Artigo de opinião de Jorge Buescu, Presidente da Sociedade Portuguesa de Matemática, na Visão de hoje:
Num mundo cada vez mais acelerado existem cada vez menos
certezas sobre o futuro. Uma das poucas certezas que podemos ter, contudo, é a
de que a Matemática vai ocupar um papel cada vez mais central na formação, no
desenvolvimento profissional e no mercado de trabalho da sociedade futura. Nos
Estados Unidos já hoje, em 2016, a criação de empregos em áreas que façam uma
utilização intensiva de conhecimentos e capacidades matemáticas é três vezes
superior à média do mercado de trabalho geral. Na Europa estima-se que exista,
até 2020, um défice de cerca de um milhão de profissionais ligados às
Tecnologias de Informação com formação especificamente matemática.
Por outro lado, com o crescimento exponencial das áreas
ligadas ao chamado Big Data, da
massificação da recolha e acesso a dados numéricos e da generalização da
capacidade de cálculo, esta tendência está a crescer cada vez mais
aceleradamente.

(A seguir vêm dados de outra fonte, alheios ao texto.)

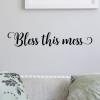 Bless This Mess messy home house wall quotes vinyl lettering wall decals blessing faith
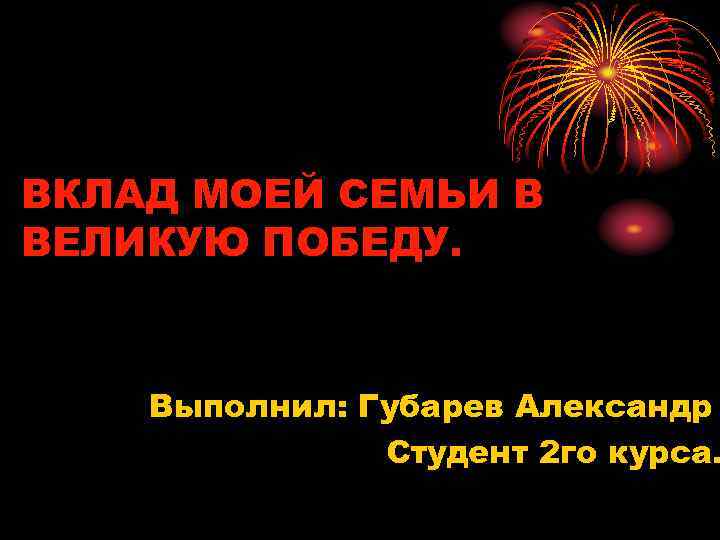 ВКЛАД МОЕЙ СЕМЬИ В ВЕЛИКУЮ ПОБЕДУ. Выполнил: Губарев Александр Студент 2 го курса. 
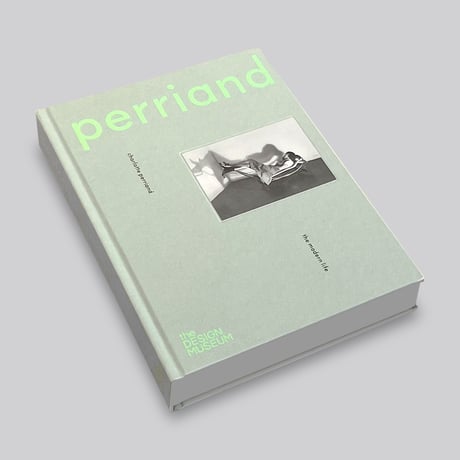 Charlotte Perriand / The Modern Life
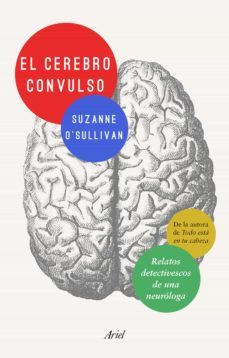 el cerebro convulso (ebook)-suzanne o sullivan-9788434429857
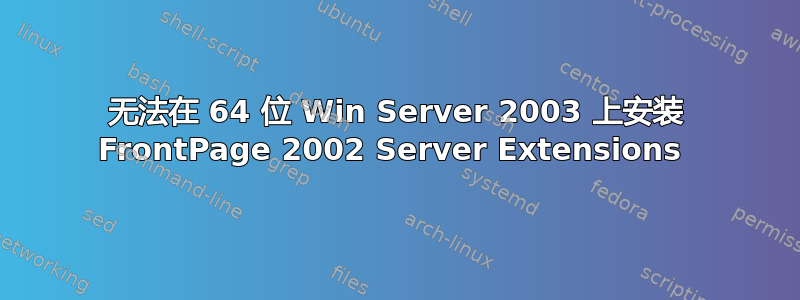 无法在 64 位 Win Server 2003 上安装 FrontPage 2002 Server Extensions 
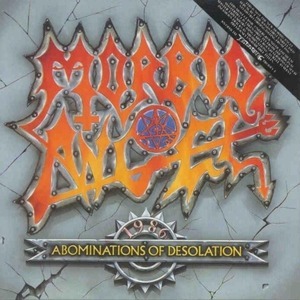 Morbid Angel - Abominations Of Desolation (1991)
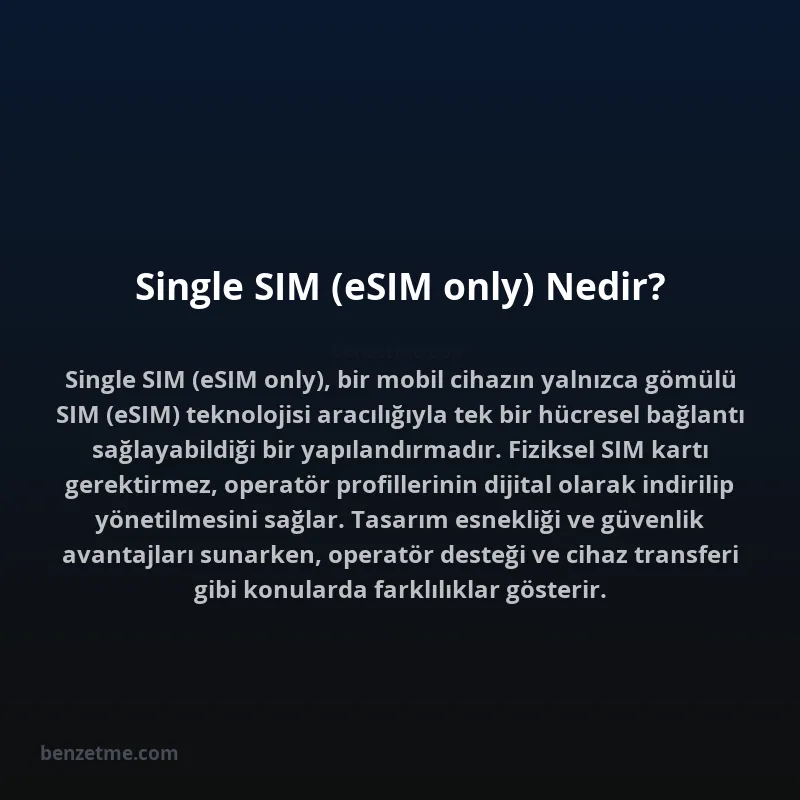 Single SIM (eSIM only) Nedir?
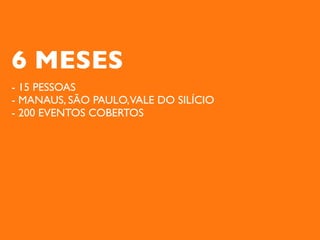 6 MESES
- 15 PESSOAS
- MANAUS, SÃO PAULO,VALE DO SILÍCIO
- 200 EVENTOS COBERTOS
 
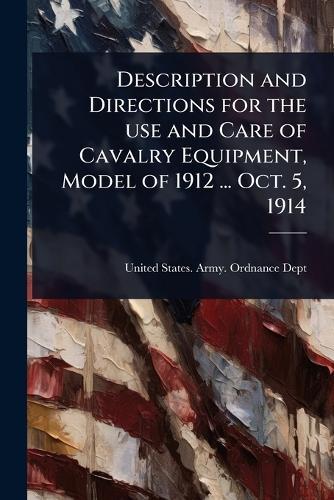 Description and Directions for the use and Care of Cavalry Equipment, Model of 1912 ... Oct. 5, 1914  by United States Army Ordnance Dept at Abbey's Bookshop, 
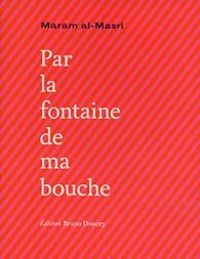 Couverture du livre Par la fontaine de ma bouche - Maram Al Masri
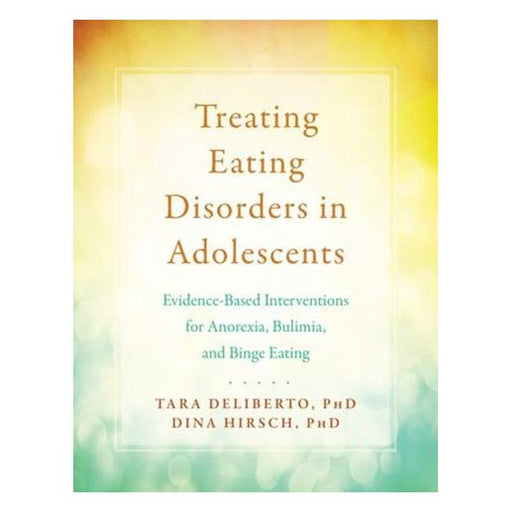 Treating Eating Disorders In Adolescents - Behavioral Interventions For Anorexia, Bulimia, And Binge Eating-Marston Moor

Hoje em dia emergem aplicações decisivas da Matemática não só
nas tradicionais de Ciências e Engenharia, mas em áreas como a medicina, a
indústria, as finanças, os negócios, até mesmo o entretenimento (a Netflix é um
bom exemplo).
Por isso mesmo, hoje como nunca antes, a excelência da
formação e da qualificação matemáticas das novas gerações são um verdadeiro
desígnio nacional. As novas gerações competirão num mercado de trabalho global
e terão de estar excepcionalmente bem preparadas do ponto de vista matemático.
A qualidade na Educação, a todos os níveis, é uma batalha que tem de ser ganha
para que o nosso País seja competitivo. A mediania não é uma opção. O objectivo
tem de ser a excelência.
A evolução do sistema educativo português no século XX caracterizou-se
pela batalha da quantidade. Portugal tinha, no início do século XX, uma taxa de
analfabetismo de 80% e níveis de escolaridade residuais; um século depois
estava essencialmente erradicado o analfabetismo e instituída a escolaridade
universal obrigatória de 9 anos. Este crescimento foi explosivo: por exemplo, nos
20 anos seguintes ao 25 de Abril o número de estudantes no Ensino Secundário decuplicou, fenómeno que não tem
paralelo nos nossos parceiros europeus. A parte negativa é que este crescimentos
se deu sem preocupações de uniformidade e qualidade; consequentemente, o
sistema educativo português revela graves fragilidades e insuficiências, grandes
assimetrias e bolsas de falta de qualidade. Estas fragilidades são simplesmente
mais evidentes, porque completamente indisfarçáveis, numa disciplina como a
Matemática; mas são comuns ao sistema educativo como um todo.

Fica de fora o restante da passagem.